Appeal from a judgment of the Supreme Court at Special Term (Kahn, J.), entered February 20, 1985 in Albany County, which granted petitioner’s application, in a proceeding pursuant to CPLR article 78, to compel respondent to return to petitioner all records of a prior arrest.
*901In March 1976, petitioner, then 17 years of age, was arrested for criminal possession of a controlled substance in the seventh degree (see, Penal Law § 220.03). His plea of guilty to that offense in the Justice Court of the Town of Cairo, Greene County, resulted in a small fine and youthful offender status. With respect to that adjudication and pursuant to CPL 160.50 (1) , an order dated April 22, 1983 of the Cairo Town Justice directed respondent to return to petitioner or his attorney "every photograph of such person or photographic plate, proof and all palm prints and fingerprints taken or made of such person * * * and all duplicates and copies thereof’. Respondent never initiated any judicial proceeding challenging that order. Instead, respondent sent the Town Justice an "official inquiry” seeking further information and, on the basis of his answer, which consisted of marking a box on a preprinted form, refused to return petitioner’s fingerprints. Petitioner thereupon commenced the instant CPLR article 78 proceeding in the nature of mandamus. Special Term granted the petition.
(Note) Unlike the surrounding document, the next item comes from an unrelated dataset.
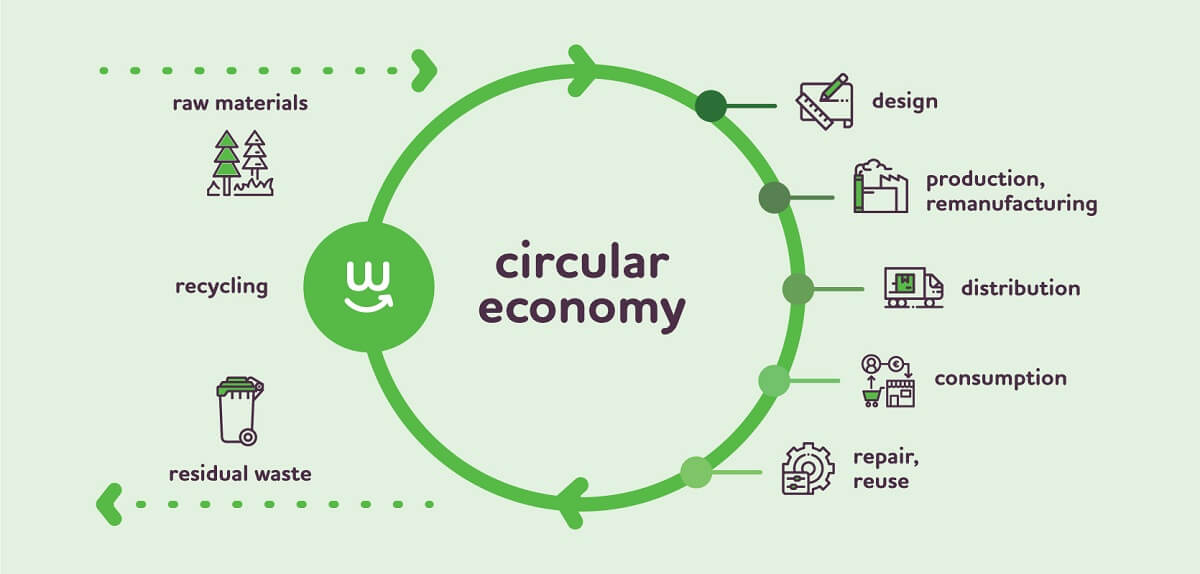 From consumers to users - The advantages of the circular economy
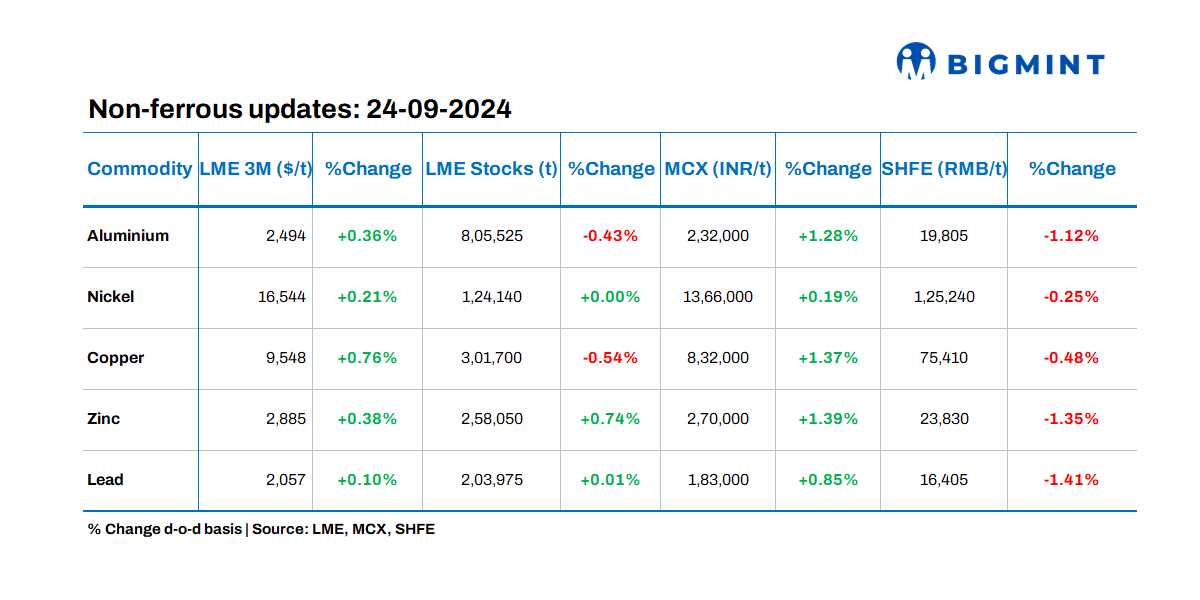 Base metals prices on LME show positive trends, stocks witness mixed movements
Respondent now appeals, urging that the Town Justice’s order is facially inconsistent. Be that as it may, as Special Term pointed out, there is no question that the order went unchallenged by a motion to intervene or by direct appeal via an article 78 proceeding. The order’s unambiguous directive that respondent hand over the fingerprints is, therefore, final and binding on respondent.
Parenthetically, were we to address the merits, it is clear that the underlying proceeding falls within the definition of a termination in favor of the accused as defined by CPL 160.50 (2) . The accusatory instrument alleged a violation of Penal Law article 220 prior to the taking effect of Penal Law article 221 (see, CPL 160.50 [2] [k] [i]); the sole controlled substance involved was marihuana (see, CPL 160.50 [2] [k] [ii]); the conviction, though the proceeding terminated in a youthful offender adjudication, was nonetheless only for a violation (see, CPL 160.50 [2] [k] [iii]); and at least three years have passed since the offense occurred (see, CPL 160.50 [2] [k] [iv]).
Judgment affirmed, without costs. Main, J. P., Casey, Mikoll, Yesawich, Jr., and Harvey, JJ., concur.